Tra i soggetti attivi del reato di bancarotta fraudolenta, rientra anche l'amministratore di fatto, sebbene tale figura non sia espressamente menzionata negli articoli 216 e 223 della Legge fallimentare.
Infatti, in tema di reati fallimentari, l'amministratore "di fatto" della società fallita è gravato, ai sensi dell'articolo 2639 del Codice civile, degli stessi doveri cui è soggetto l'amministratore "di diritto".
Pertanto, ove concorrano le altre condizioni di ordine oggettivo e soggettivo, egli assume la penale responsabilità per tutti i comportamenti penalmente rilevanti a lui addebitabili.
Orbene, per stabilire se sussiste la qualifica di amministratore "di fatto", occorre far riferimento al disposto del citato articolo 2639, secondo cui tale nozione postula l'esercizio in modo continuativo e significativo dei poteri tipici inerenti alla qualifica o alla funzione.
Va precisato che i concetti di "significatività" e "continuità" non comportano necessariamente l'esercizio di "tutti" i poteri propri dell'organo di gestione, ma richiedono l'esercizio di un'apprezzabile attività gestoria, svolta in modo "non episodico od occasionale".
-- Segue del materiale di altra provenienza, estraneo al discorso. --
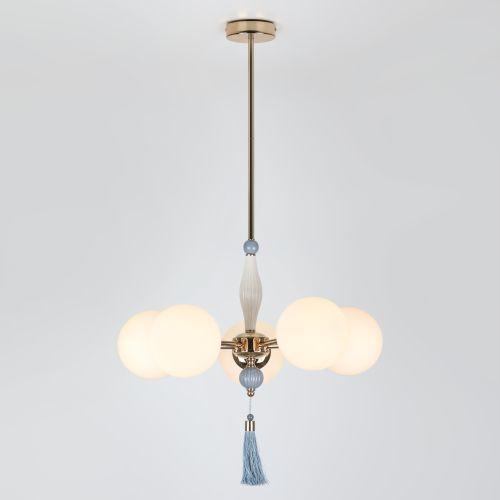 Люстра Cosmina 4147-305 40Вт 5хE14 дизайн Rivoli Б0066502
Ad esempio, nel caso recentemente affrontato dalla Cassazione sono state ritenute rilevanti circostanze quali: l'intestazione delle quote ad alcuni parenti, il coinvolgimento di soggetti che avevano operato come meri "prestanome", lo svolgimento da parte dell'imputato di atti di diretta gestione, come la stipula di un contratto di locazione, la compravendita di veicolo ecc. (Cassazione, sentenza del 30 dicembre 2013, n. 51891).